On May 30, 2011, at 11:02 AM, Matt Calabrese wrote:
On Sun, May 29, 2011 at 7:00 PM, Gordon Woodhull
<gordon@woodhull.com> wrote:
(Hoping that Matt Calabrese's proposed Boost.Generic will be up and running later this year!)
If you have a list of features you need and what compilers you are using, I can try to focus my efforts. I'd imagine you'll be making heavy use of associated templates, which I don't have yet, and for the time being they will only be able to work in clang as that's the only compiler I know of that currently supports template aliasing.
Well, of course until I heard your talk I had planned to do without concepts because they didn't exist. But here is the problem I am trying to solve; perhaps you can tell me if this is possible.
A system of objects at compile time is a graph of types and their relations.

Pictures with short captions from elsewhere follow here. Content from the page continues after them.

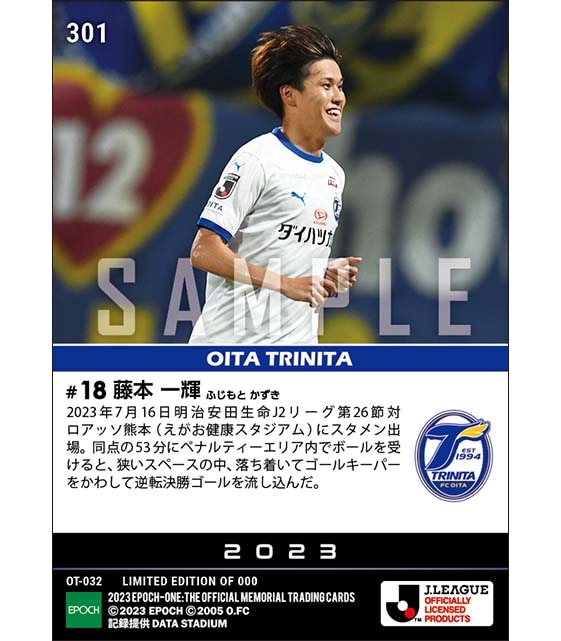 【藤本一輝】落ち着いて決めた逆転決勝ゴール（23.7.16）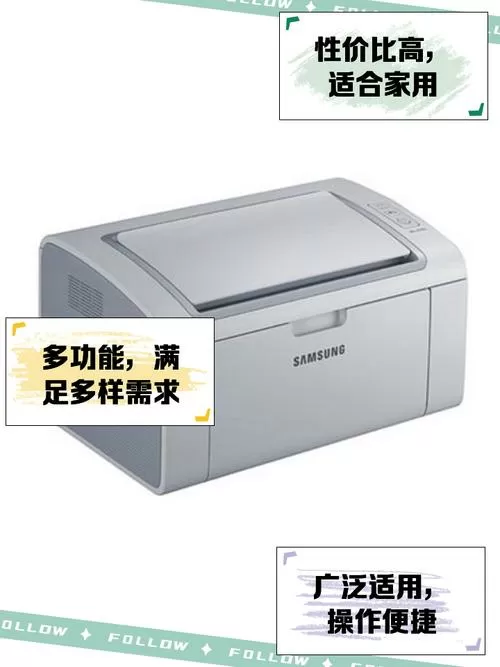 三星打印机复印怎么会缩小成一半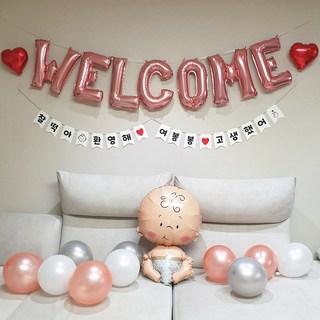 재미제이 조리원 퇴소 이벤트 웰컴 환영파티장식세트 베이비샤워파티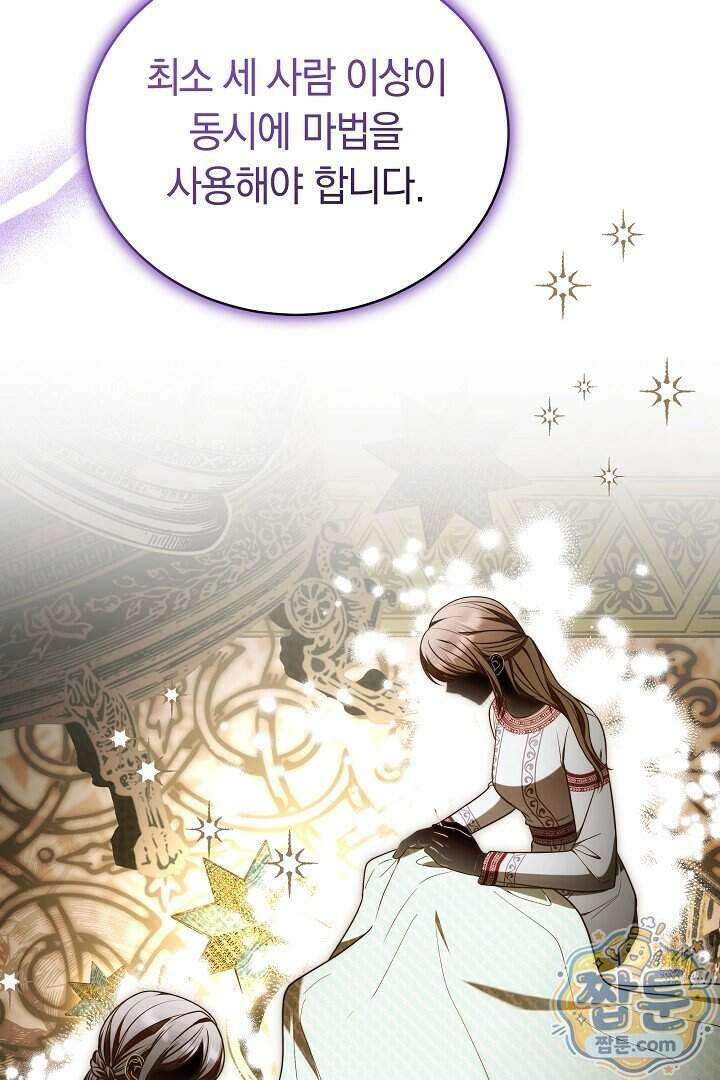 황후님의 바늘 79화 7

Where I am hoping concepts will help is to be able to define abstractly what sort of interfaces exist between these types, and then validate that the concrete implementation meets the concepts.
So, I think this requires carrying concepts as metadata in the edges of a compile-time graph specified by the Metagraph user, and then traversing both the abstract and the concrete graphs validating the types against the concepts they are supposed to implement.
Is this possible? Or am I thinking about the problem the wrong way?
I am okay with clang-only for now since I'm only doing validation. I don't think I would try to use concept maps or archetypes in a first pass, although those will surely help in the long run.